Fleishman Is In Trouble caught me off guard. Ever look for something to binge-watch but bail out because you just lost interest? FX’s Fleishman Is In Trouble is streaming both on Hulu and Disney+ was something I was not planning to watch but I got addicted. My most significant deterrent was Jesse Eisenberg. There is something about Jesse Eisenberg that just gets under my skin. I think I lost him with his acting in the movie Vivarium. He is still annoying as hell in Fleishman Is In Trouble. The well-rounded cast with both Claire Danes and Lizzy Caplan redeems the 8-episode TV drama. As in any divorce, everybody picks sides. We are given Jesse’s character version of the divorce but by the end, it unravels in a different direction.
You have to commit from the beginning to the end, things are not what they appear to be when people divorce. Without committing to having spoilers, I was happy with the ending. There is hope, even if it is slight at times. We have to build on those small moments and push forward. The actors did a brilliant job in this series, even Jesse Eisenberg. I am still on the fence about him.
The series is based on Taffy Brodesser-Akner’s début novel, Fleishman Is in Trouble. After seeing the TV drama, I have to pick up the book and compare it to the show.

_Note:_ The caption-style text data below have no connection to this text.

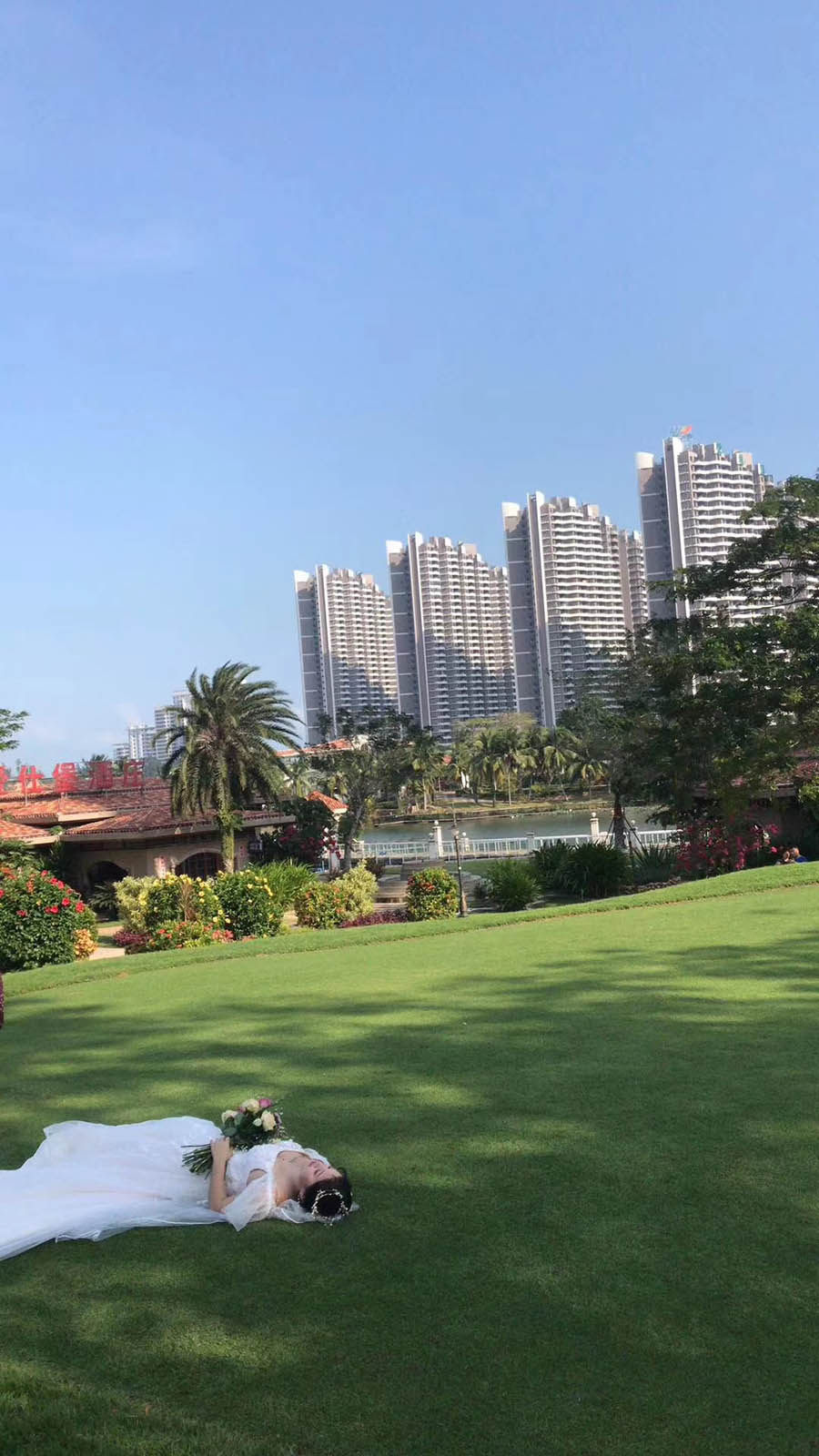 实景图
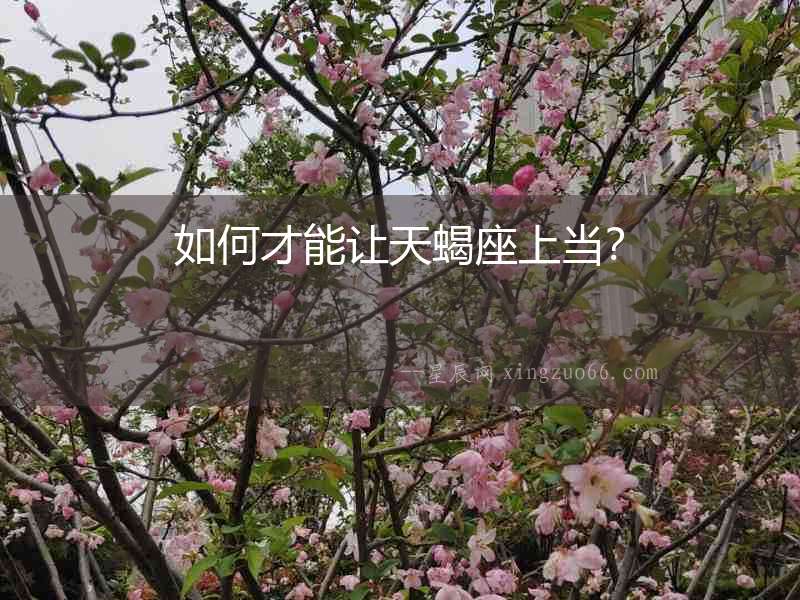 如何才能讓天蝎座上當？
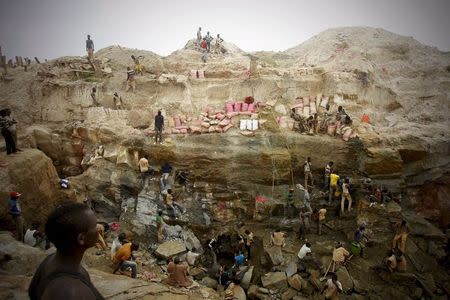 Prospectors search for gold at a gold mine near the village of Gamina, in western Ivory Coast, March 17, 2015. REUTERS/Luc Gnago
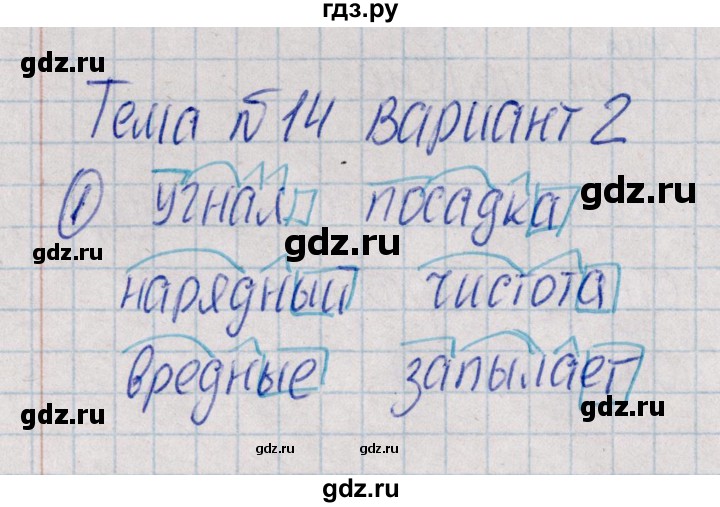 ГДЗ по русскому языку 4 класс  Голубь Тематический контроль  тема 14 (вариант) - 2, Решебник №1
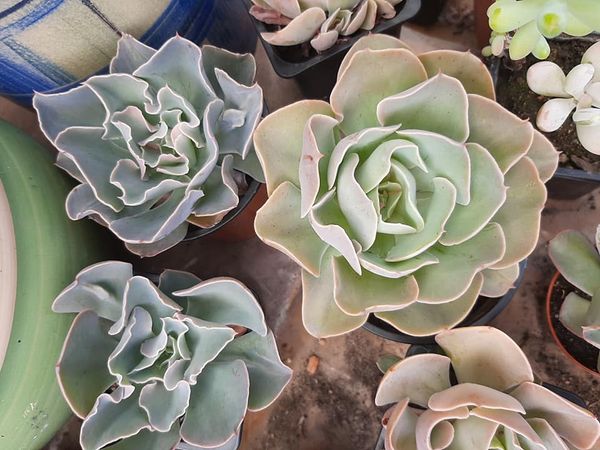 卡米索 Echeveria 'Camisole'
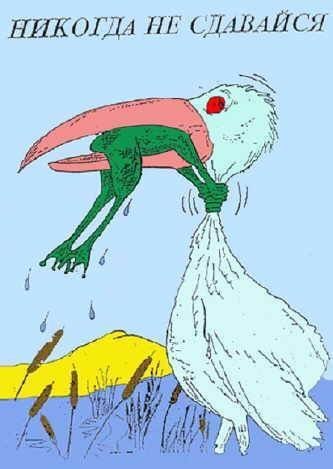 Наталья Кошарина | Москва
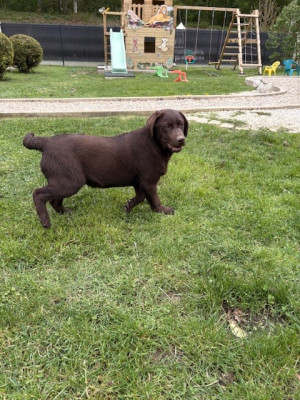 Étalon Labrador Retriever - aaron Du Domaine Des Belles Aubois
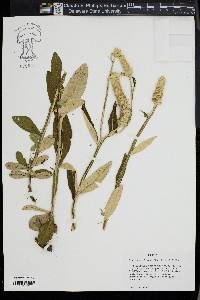 Pterocaulon pycnostachyum image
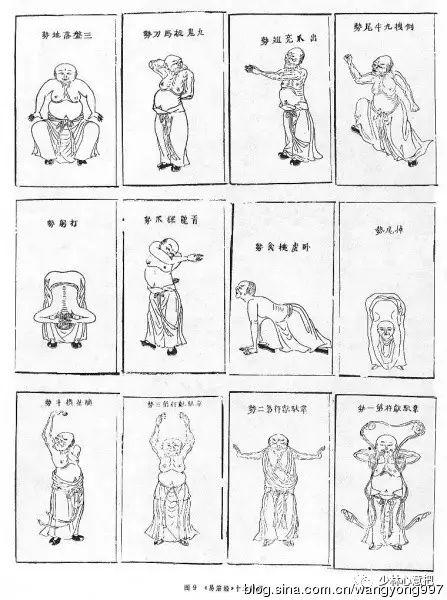 道家十二段锦教学视频,古法养生，视频教学揭秘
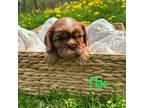 Cavalier King Charles Spaniel Puppy for sale in Auburn, WA, USA
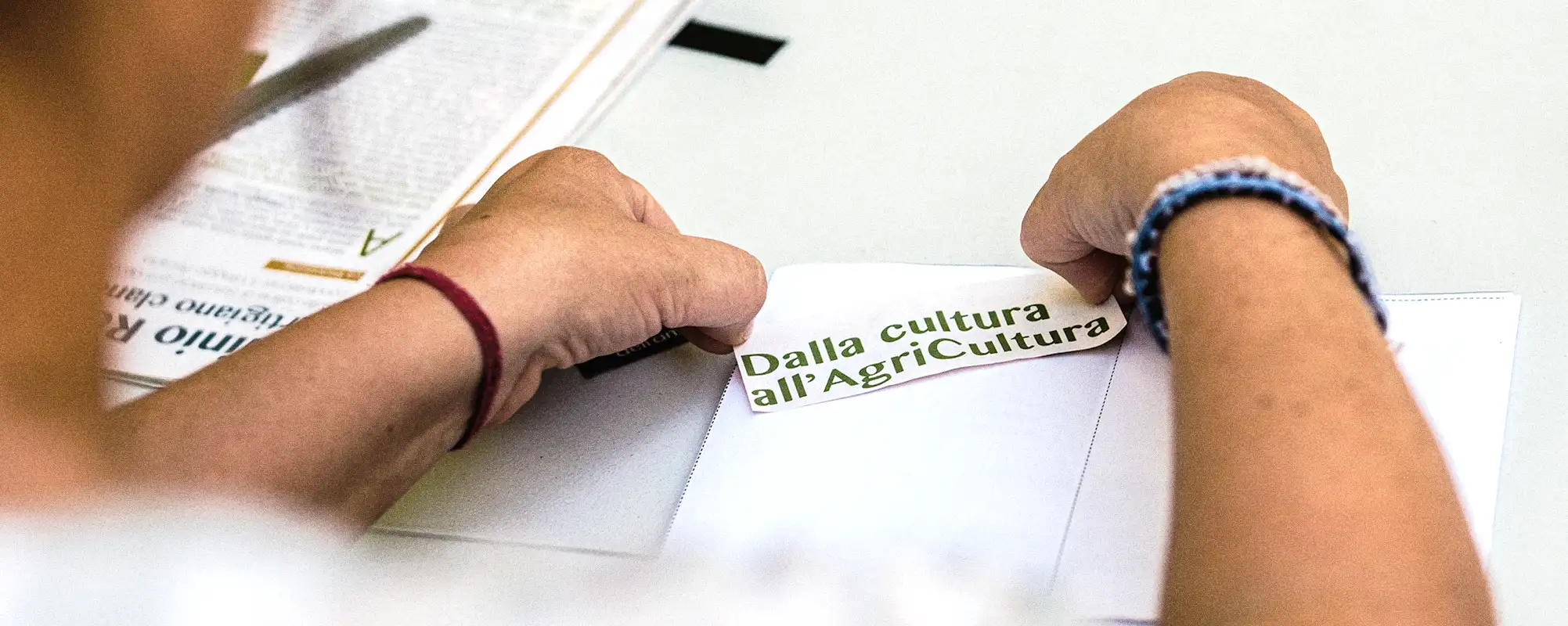 Chiocciola la casa del nomade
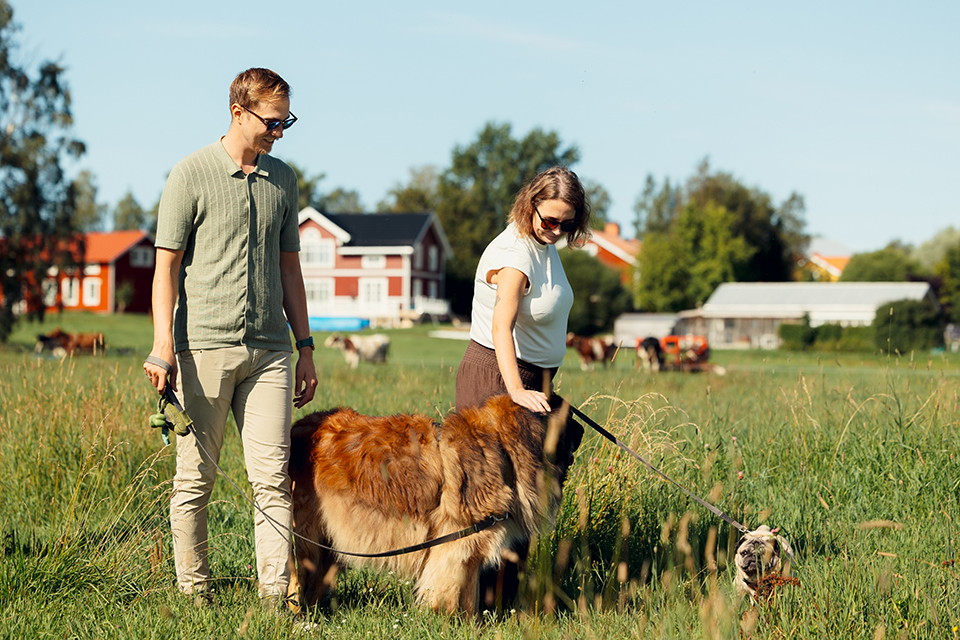 Family walking their dog i Röbäck, Umeå.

Fleishman Is in Trouble deals with the themes of gender roles, marriage and divorce, online dating, midlife crises, and class anxiety. The novel mocks the affluent Manhattan professional class and its pretensions while embracing their anxieties, especially those relating to marriage and gender. An underlying theme of the book is the relegation of women to the background in a male-centric society. At one point in the book, the narrator says that “the only way to get someone to listen to a woman is to tell her story through a man”, which is what the book in itself does. The novel also deals with the nature of marriage and relationships, in particular the strain that arises in marriages in which the wife is the primary breadwinner. It has been seen as a larger commentary on marriage in modern America and the way in which it appears to strip people of their identities and force them into routines. Brodesser-Akner also parodies the app-based dating culture, from grammatically poor sexts to the names of dating apps (such as Hr, Choose, Forage and Reach). In particular, the novel focuses on the generation that got married before the advent of dating apps and who, upon divorcing, had to adjust to new dating practices.